Entries taken from a collection:
Content starts

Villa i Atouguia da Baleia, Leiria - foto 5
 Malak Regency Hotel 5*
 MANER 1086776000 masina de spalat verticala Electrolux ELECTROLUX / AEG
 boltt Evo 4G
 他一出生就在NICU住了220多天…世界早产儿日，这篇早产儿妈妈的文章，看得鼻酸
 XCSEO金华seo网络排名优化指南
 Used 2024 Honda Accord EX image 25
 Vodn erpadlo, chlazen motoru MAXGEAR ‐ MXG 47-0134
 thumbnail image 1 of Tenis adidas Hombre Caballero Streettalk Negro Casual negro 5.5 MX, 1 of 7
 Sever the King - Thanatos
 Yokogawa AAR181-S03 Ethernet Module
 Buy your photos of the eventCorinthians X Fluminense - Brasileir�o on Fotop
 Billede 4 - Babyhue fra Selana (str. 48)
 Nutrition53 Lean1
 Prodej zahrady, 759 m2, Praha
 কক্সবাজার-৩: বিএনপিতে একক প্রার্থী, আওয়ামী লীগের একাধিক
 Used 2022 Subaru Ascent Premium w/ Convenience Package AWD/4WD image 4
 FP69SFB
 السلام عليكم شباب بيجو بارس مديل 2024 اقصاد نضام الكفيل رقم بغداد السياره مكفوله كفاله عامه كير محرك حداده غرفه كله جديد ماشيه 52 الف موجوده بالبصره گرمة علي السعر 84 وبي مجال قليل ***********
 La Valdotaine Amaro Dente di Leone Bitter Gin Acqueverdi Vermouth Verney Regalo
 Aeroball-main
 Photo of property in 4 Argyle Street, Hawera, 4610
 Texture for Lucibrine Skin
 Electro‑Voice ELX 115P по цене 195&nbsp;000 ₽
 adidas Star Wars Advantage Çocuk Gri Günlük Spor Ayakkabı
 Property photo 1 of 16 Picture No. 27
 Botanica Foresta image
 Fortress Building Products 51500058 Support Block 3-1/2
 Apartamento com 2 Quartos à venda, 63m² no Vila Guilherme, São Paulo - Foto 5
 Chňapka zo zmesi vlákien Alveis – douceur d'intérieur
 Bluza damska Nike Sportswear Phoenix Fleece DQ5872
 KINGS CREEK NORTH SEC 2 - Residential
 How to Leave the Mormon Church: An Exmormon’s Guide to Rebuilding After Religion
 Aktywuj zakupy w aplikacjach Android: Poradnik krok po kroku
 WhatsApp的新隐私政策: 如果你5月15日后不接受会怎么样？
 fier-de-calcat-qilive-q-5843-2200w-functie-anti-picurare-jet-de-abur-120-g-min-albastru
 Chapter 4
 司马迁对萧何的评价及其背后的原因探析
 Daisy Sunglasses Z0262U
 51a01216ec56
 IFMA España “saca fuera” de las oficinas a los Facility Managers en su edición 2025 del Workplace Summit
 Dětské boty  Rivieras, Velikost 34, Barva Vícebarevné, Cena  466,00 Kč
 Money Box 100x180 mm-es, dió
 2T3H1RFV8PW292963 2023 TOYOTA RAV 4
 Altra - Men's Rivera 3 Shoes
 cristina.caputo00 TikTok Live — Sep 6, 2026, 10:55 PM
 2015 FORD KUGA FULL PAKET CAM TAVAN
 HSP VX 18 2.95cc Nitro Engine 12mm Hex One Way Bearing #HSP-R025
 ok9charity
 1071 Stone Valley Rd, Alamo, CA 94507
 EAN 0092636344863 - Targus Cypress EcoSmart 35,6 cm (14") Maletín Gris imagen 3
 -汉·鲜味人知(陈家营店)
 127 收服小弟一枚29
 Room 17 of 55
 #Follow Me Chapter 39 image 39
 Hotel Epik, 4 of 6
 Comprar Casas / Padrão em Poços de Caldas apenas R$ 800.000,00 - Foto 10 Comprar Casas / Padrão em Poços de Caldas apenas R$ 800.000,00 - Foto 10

Content ends

Exercise aim ▸ Set down nothing but the lines from the one containing "cristina.caputo00 TikTok Live" through the final line above, exactly as written.

Reply ▸
 cristina.caputo00 TikTok Live — Sep 6, 2026, 10:55 PM
 2015 FORD KUGA FULL PAKET CAM TAVAN
 HSP VX 18 2.95cc Nitro Engine 12mm Hex One Way Bearing #HSP-R025
 ok9charity
 1071 Stone Valley Rd, Alamo, CA 94507
 EAN 0092636344863 - Targus Cypress EcoSmart 35,6 cm (14") Maletín Gris imagen 3
 -汉·鲜味人知(陈家营店)
 127 收服小弟一枚29
 Room 17 of 55
 #Follow Me Chapter 39 image 39
 Hotel Epik, 4 of 6
 Comprar Casas / Padrão em Poços de Caldas apenas R$ 800.000,00 - Foto 10 Comprar Casas / Padrão em Poços de Caldas apenas R$ 800.000,00 - Foto 10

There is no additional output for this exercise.